__YOUR TASK__. Write out the listing verbatim. No pictures belong in it.

__RECORDED DATA__.
= = = = =

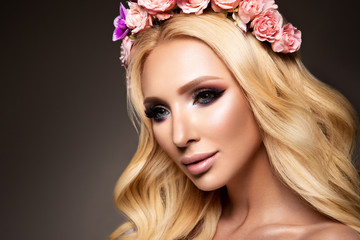 Naklejka premium Beautiful Woman with Long Curly Hair, Perfect Makeup and Wreath of Spring Flowers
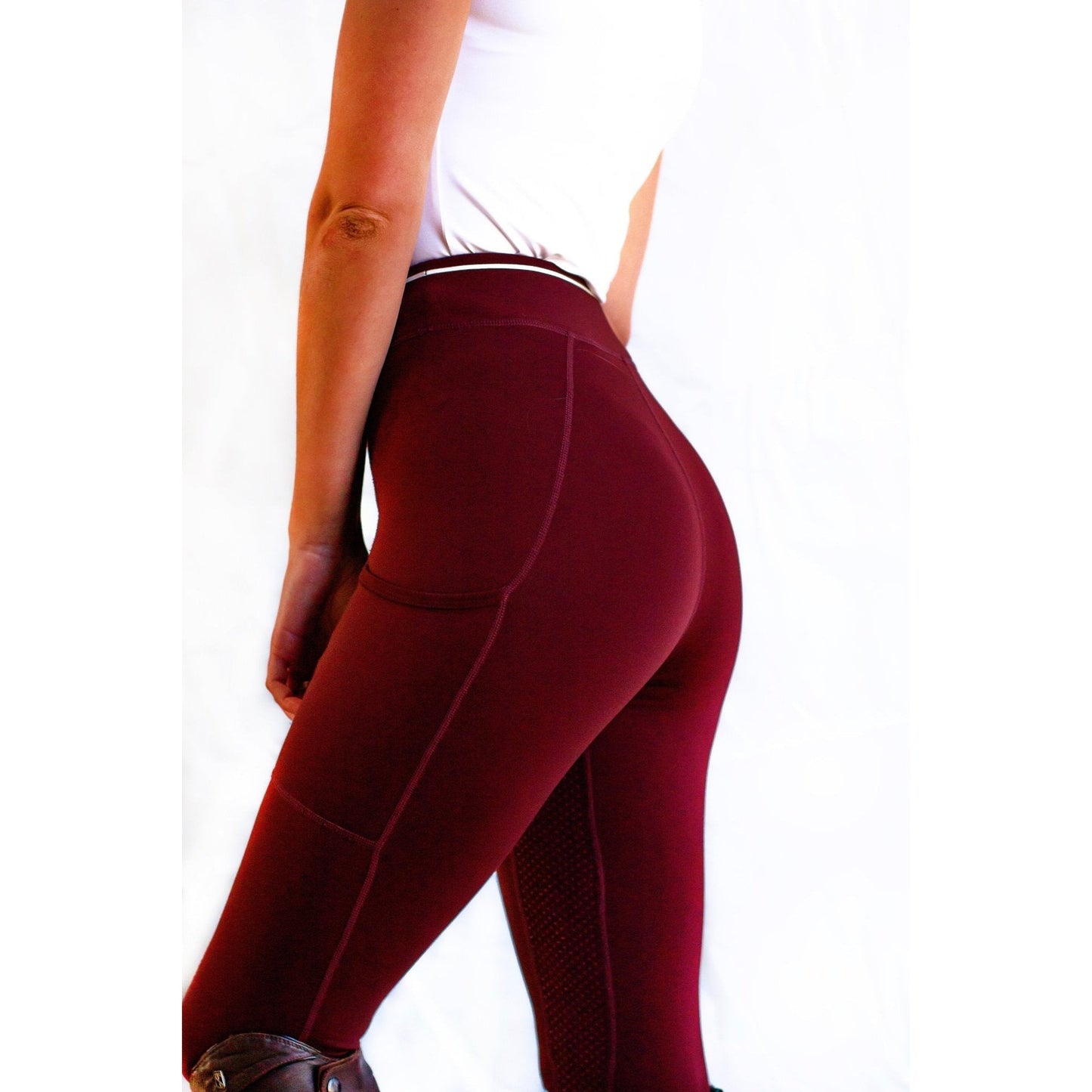 Person wearing maroon horse riding tights against a white background.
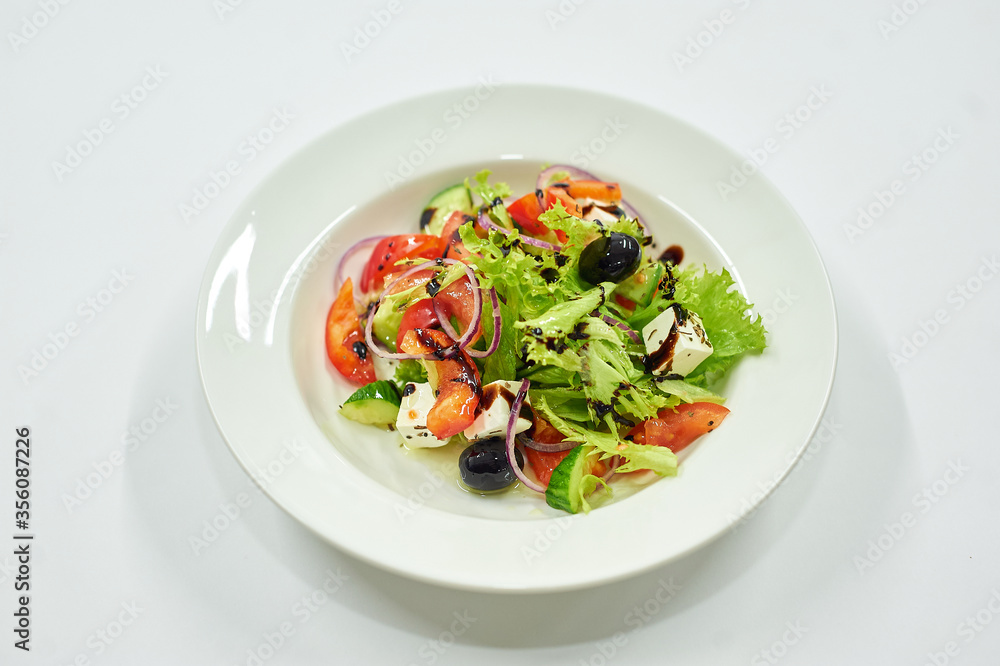 A bowl of salad on a white plate A bowl of salad on a white plate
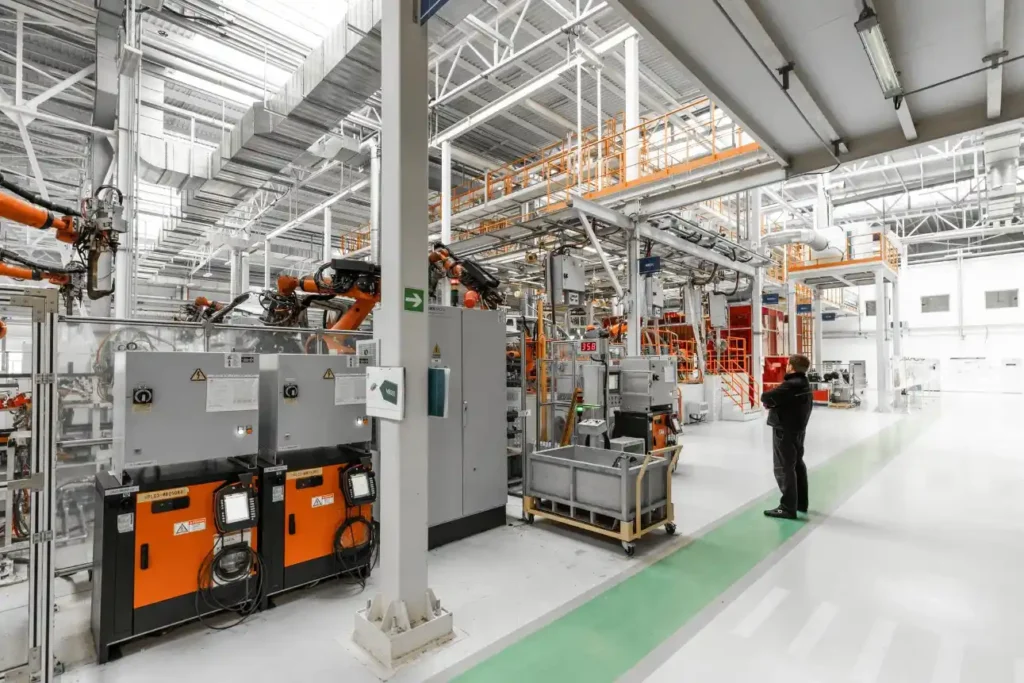 Foto da vista interna de uma planta industrial moderna com maquinários, tubulações e painéis elétricos, corredor amplo e técnico observando equipamentos em operação.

= = = = =

__RESPONSE TO THIS EXERCISE__.
 Naklejka premium Beautiful Woman with Long Curly Hair, Perfect Makeup and Wreath of Spring Flowers
 Person wearing maroon horse riding tights against a white background.
 A bowl of salad on a white plate A bowl of salad on a white plate
 Foto da vista interna de uma planta industrial moderna com maquinários, tubulações e painéis elétricos, corredor amplo e técnico observando equipamentos em operação.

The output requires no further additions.